But in two recent cases, the commission has shied away from its watchdog role, and Bradley has become upset with the commission president, Robert M. Talcott, an attorney.

The first instance was Chief Daryl F. Gates’ remark that “the casual drug user ought to be taken out and shot.”

The day the commission considered the Gates’ comment at the request of Councilman Robert Farrell, the atmosphere was warm and relaxed, one of good friends getting together. The commissioners sit around a horseshoe rostrum on the first floor of Parker Center, police headquarters. Chief Gates sits at the horseshoe, too, as if he were another commissioner.

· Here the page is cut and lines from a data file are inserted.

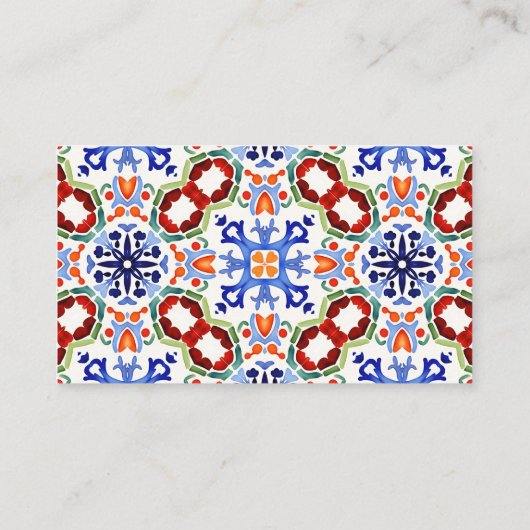 メキシコの青いカラフルタイル表示ブライダルシャワー エンクロージャーカード (裏面)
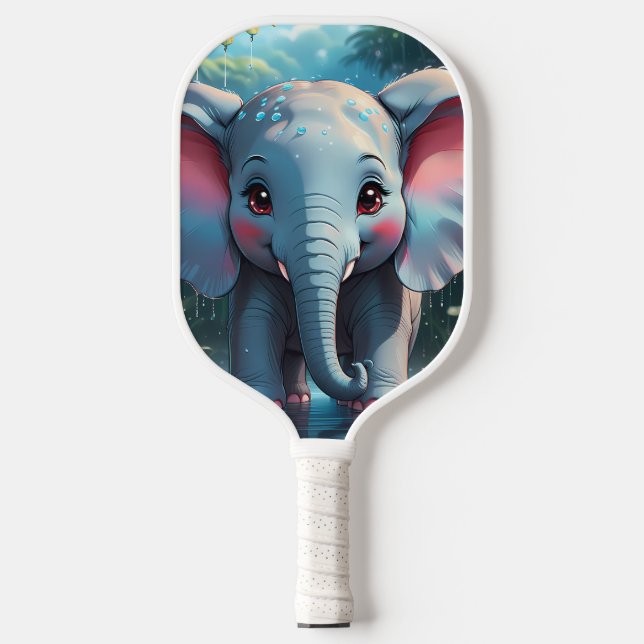 Cute Elephant in the Rain Pickleball Paddle (Front)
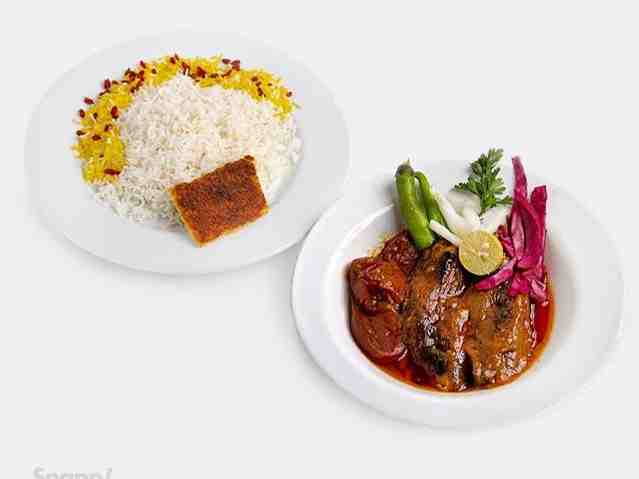 چلو خورشت گوجه بادمجان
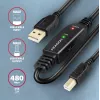 Axagon ADR-215B USB 2.0 A-M -> B-M aktívny prepojovací/repeater kábel 15 m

As the meeting began, Talcott said he’d like to say something about the chief. No, it wasn’t to ask him about the “shoot ‘em” remark. This particular day, Talcott said, was the 41st anniversary of Gates joining the Police Department. He asked his colleagues to give the chief a Police Commission congratulations. The commission vigorously applauded. Only later, and behind closed doors, did the commission discuss Gates. It approved a letter, signed by Talcott, saying Gates phrase “was simply a graphic figure of speech. . . .”

The second case stemmed from a police raid two years ago in South-Central L.A. Four apartments at 39th Street and Dalton Avenue were wrecked and, after a police investigation, 38 officers were disciplined by the department and four were charged with vandalism, a misdemeanor.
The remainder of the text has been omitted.